🔥Solving AWS Bedrock's Enterprise Logging Problem: Adding Bot Context to Model Invocation Logs🔥
aka, who is using up all our AI tokens?
This blog series focuses on presenting complex DevOps projects as simple and approachable via plain language and lots of pictures. You can do it!
These articles are supported by readers, please consider subscribing to support me writing more of these articles <3 :)
Hey all! Today we’re tackling a problem that’s been driving me crazy since we started scaling our AWS Bedrock bot deployments across the enterprise. You’d think that when you have multiple AI bots running in production, AWS would give you some reasonable way to separate and monitor their activities. You’d be wrong.
Here’s the issue: every single AWS Bedrock model invocation in a region gets dumped into one massive CloudWatch log group. Doesn’t matter if you have five different bots serving different teams, or if Bot A is handling customer support while Bot B is doing internal documentation queries. Everything goes into `/aws/bedrock/modelinvocations` and good luck figuring out which log entry came from which bot.
This creates a monitoring nightmare. When someone asks “how much is our Slack bot costing us?” or “why did the support bot give a weird response yesterday?” you’re stuck grep-ing through thousands of log entries that all look identical. The raw Bedrock logs contain the model inputs and outputs, but zero context about which application made the call or who the actual user was.

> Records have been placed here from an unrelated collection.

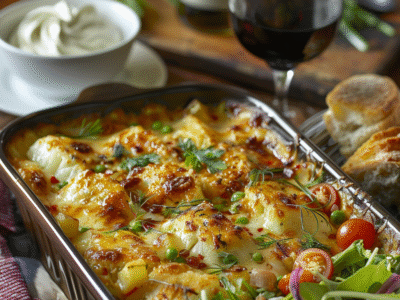 Gratin de poisson aux légumes : Recette facile et savoureuse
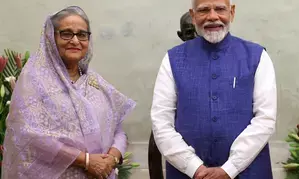 शेख हसीना ने संकट के समय शरण देने के लिए पीएम मोदी को दिया धन्यवाद, बोलीं-भारत एक महत्वपूर्ण पड़ोसी और पार्टनर है शेख हसीना ने संकट के समय शरण देने के लिए पीएम मोदी को दिया धन्यवाद, बोलीं-भारत एक महत्वपूर्ण पड़ोसी और पार्टनर है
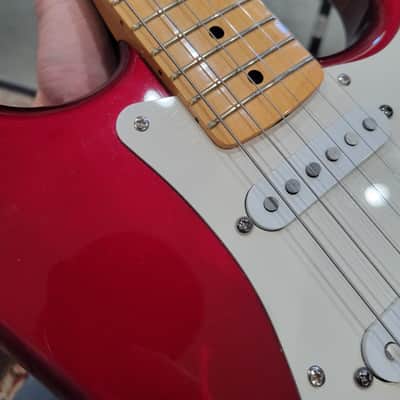 Fender Partscaster Stratocaster Guitar 2007 - Candy Apple Red W/ Case (C016-30) image 14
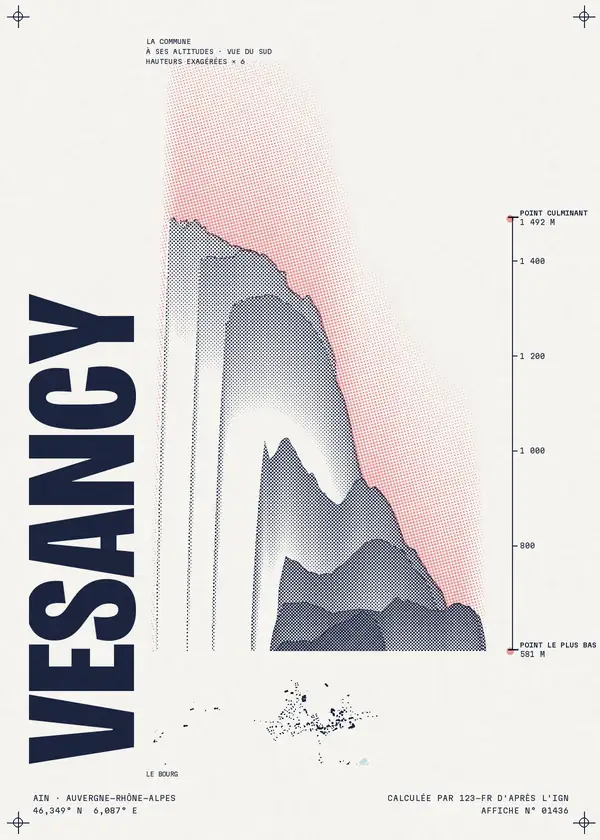 Affiche de Vesancy, calculée par 123-fr d'après l'IGN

After dealing with this mess for way too long, I finally built a solution that transforms these useless raw logs into something actually meaningful for enterprise monitoring. We’re talking about a Kinesis Firehose pipeline with a custom Lambda processor that parses the Bedrock JSON and adds the context that should have been there in the first place.

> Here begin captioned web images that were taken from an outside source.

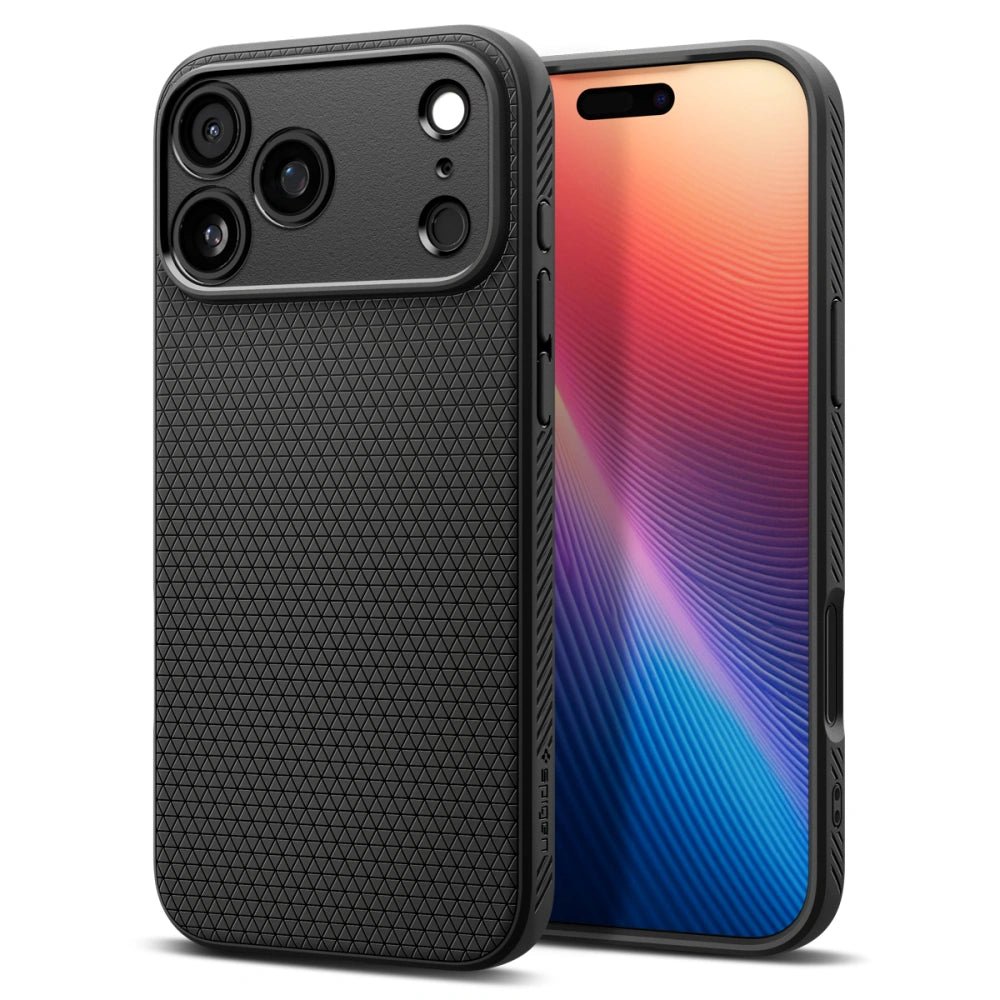 Spigen iPhone 17 Pro - Liquid Air - Θήκη Σιλικόνης - Matte Black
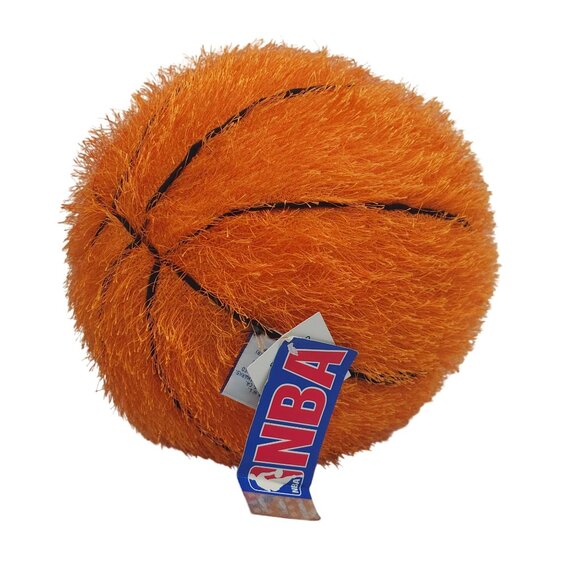 Los Angeles Lakers Plush Basketball Orange Bouncy Vintage Collectible Toy - Picture 2 of 5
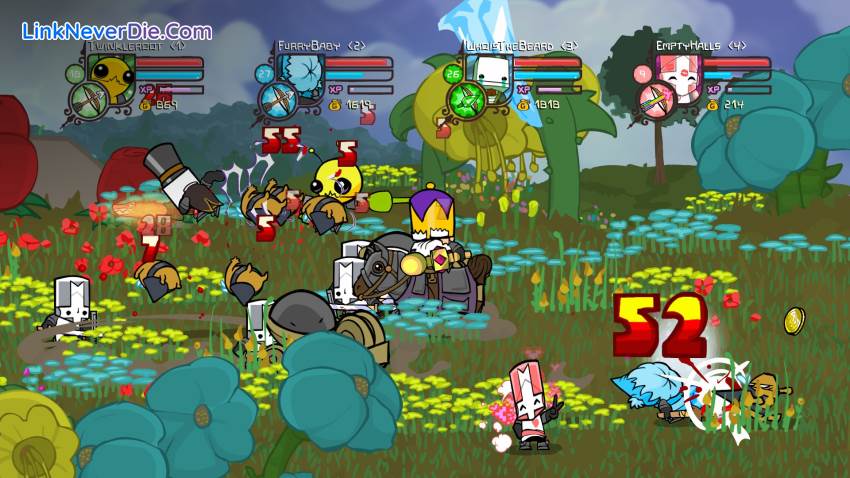 Hình ảnh trong game Castle Crashers (screenshot)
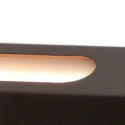 Steinhauer Pendelarmatuur BANDE 3-vlams IP20, cacao dimbaar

The enhancement adds four key fields that make all the difference: `botName` (extracted from the IAM role), `botOutput` (what the bot actually said to the user), `user` (who asked the question), and `query` (what they asked). Suddenly, instead of cryptic JSON blobs, you have logs that tell a story about real conversations happening in your enterprise.
This approach works for any AWS Bedrock deployment, but it’s especially valuable if you’re running multiple bots or need to track usage by team, project, or individual users. The processed logs flow into whatever monitoring system you’re already using - in our case, Splunk - where they become the foundation for dashboards, alerting, and cost attribution.

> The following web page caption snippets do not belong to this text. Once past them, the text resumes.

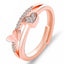 Creative Heart-to-Heart Adjustable Heart-Shaped Ring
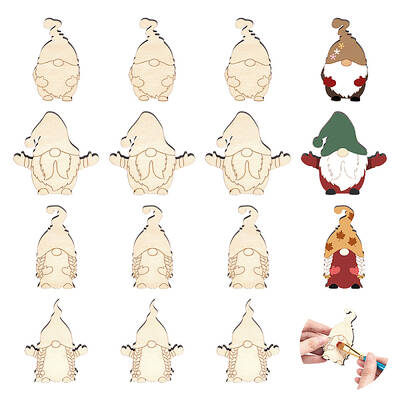 US 1 Set Unfinished Wooden Cutouts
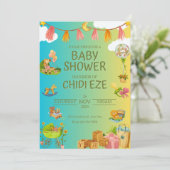 赤ちゃんシャワーお祝い 招待状 (スタンド正面)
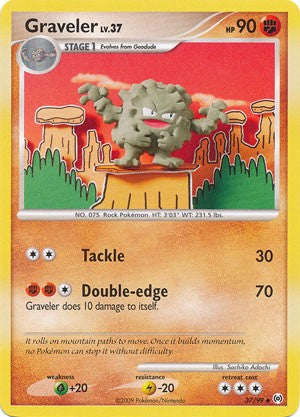 Pokemon Platinum Arceus Single Card Uncommon Graveler 37/99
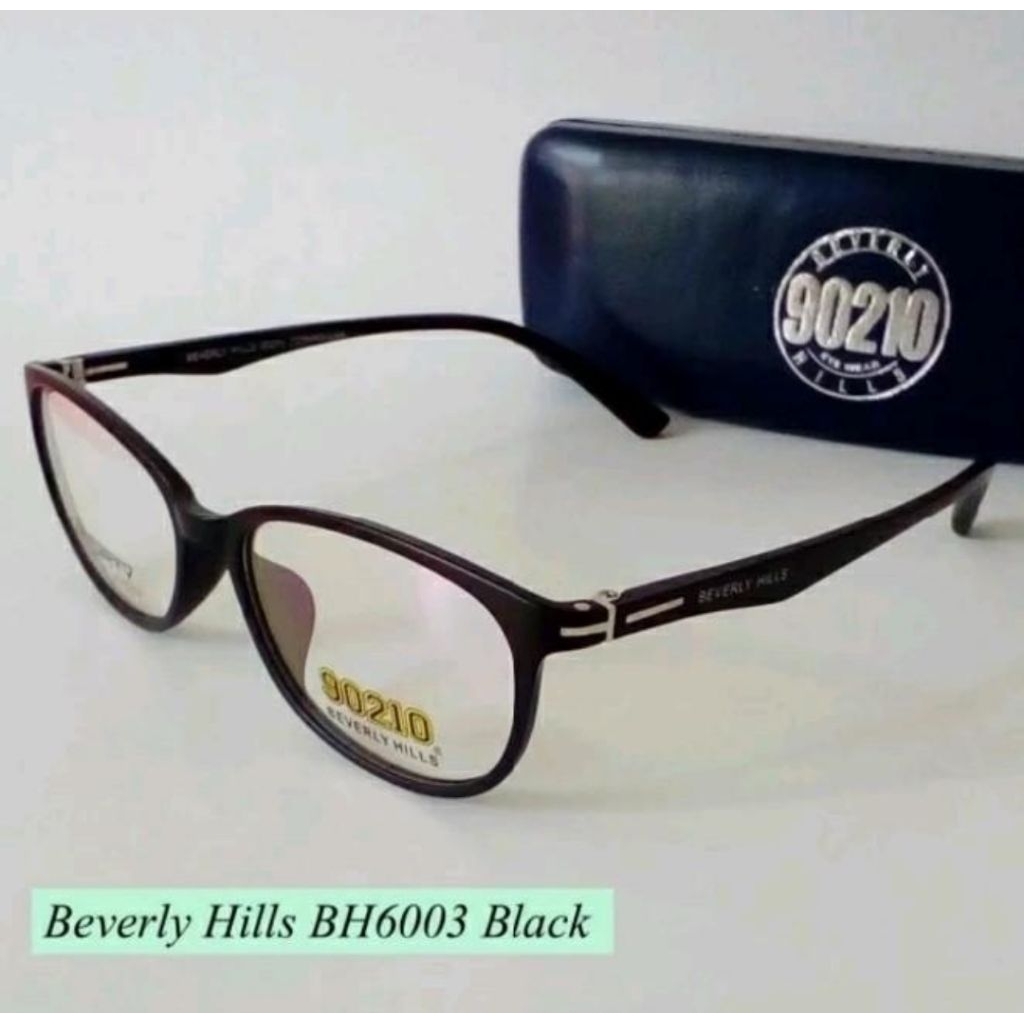 Frame Kacamata Beverly Hills BH6003 Full Black Original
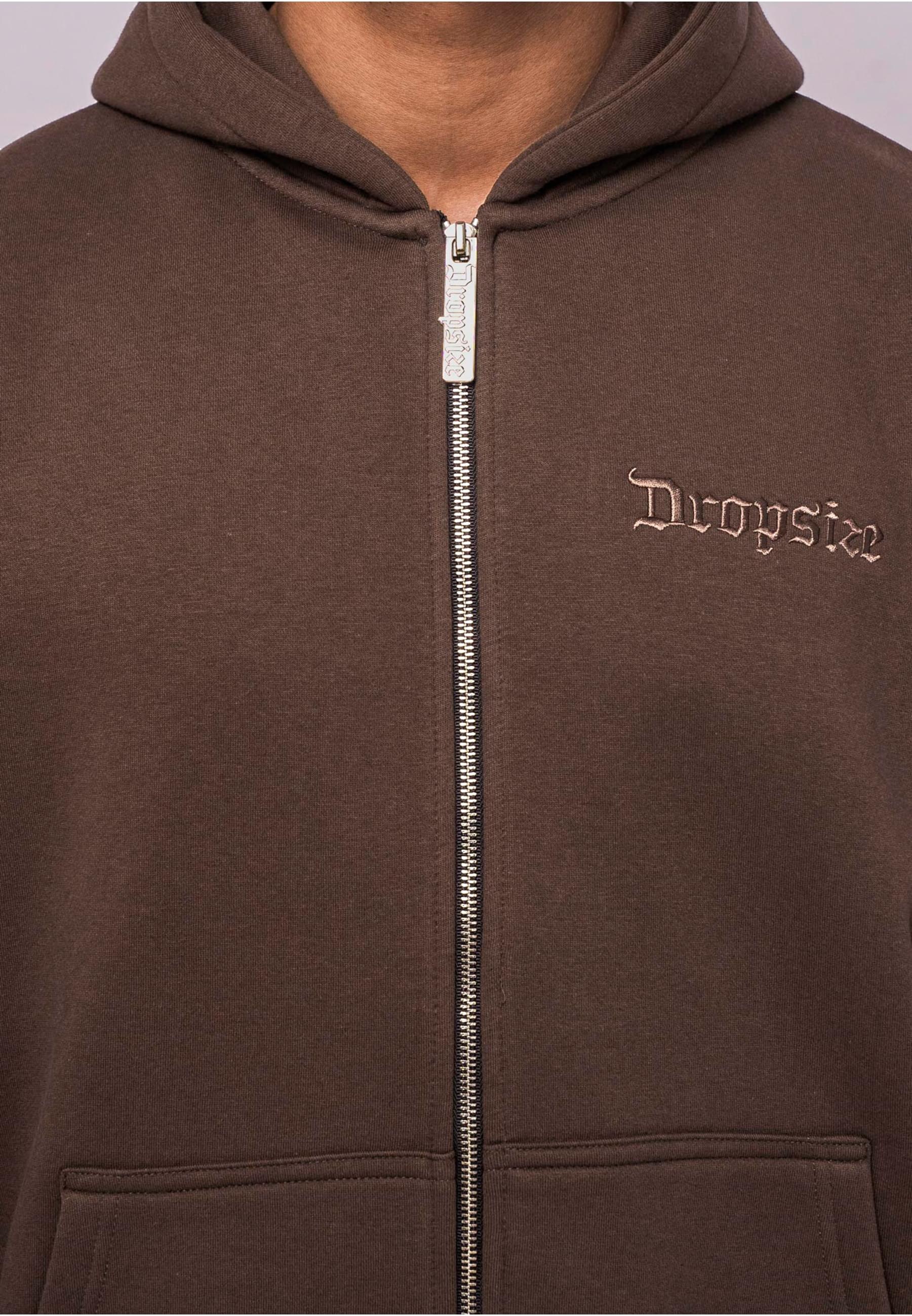 Dropsize Sweatjacke »Dropsize Herren Super Heavy Oversized Zip-Hoodie«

Let’s walk through how this whole system works and why it’s become essential for managing AI deployments at enterprise scale.
If you don’t care about the write-up and just want the code, you can find the modified cloudwatch to splunk lambda that adds bot information here:
The Problem: AWS Bedrock’s Logging Black Hole
To understand why this solution matters, you need to see just how broken the default AWS Bedrock logging situation really is. When you make a model invocation through Bedrock, AWS dutifully logs the entire interaction to CloudWatch - which sounds great until you realize where those logs actually end up.
Every single model invocation in a region gets dumped into `/aws/bedrock/modelinvocations`. Your customer support bot? Same log group. Your internal documentation bot? Same log group. That experimental bot someone in marketing is testing? Yep, same log group. It’s like throwing all your mail into one giant pile and then wondering why you can’t find anything.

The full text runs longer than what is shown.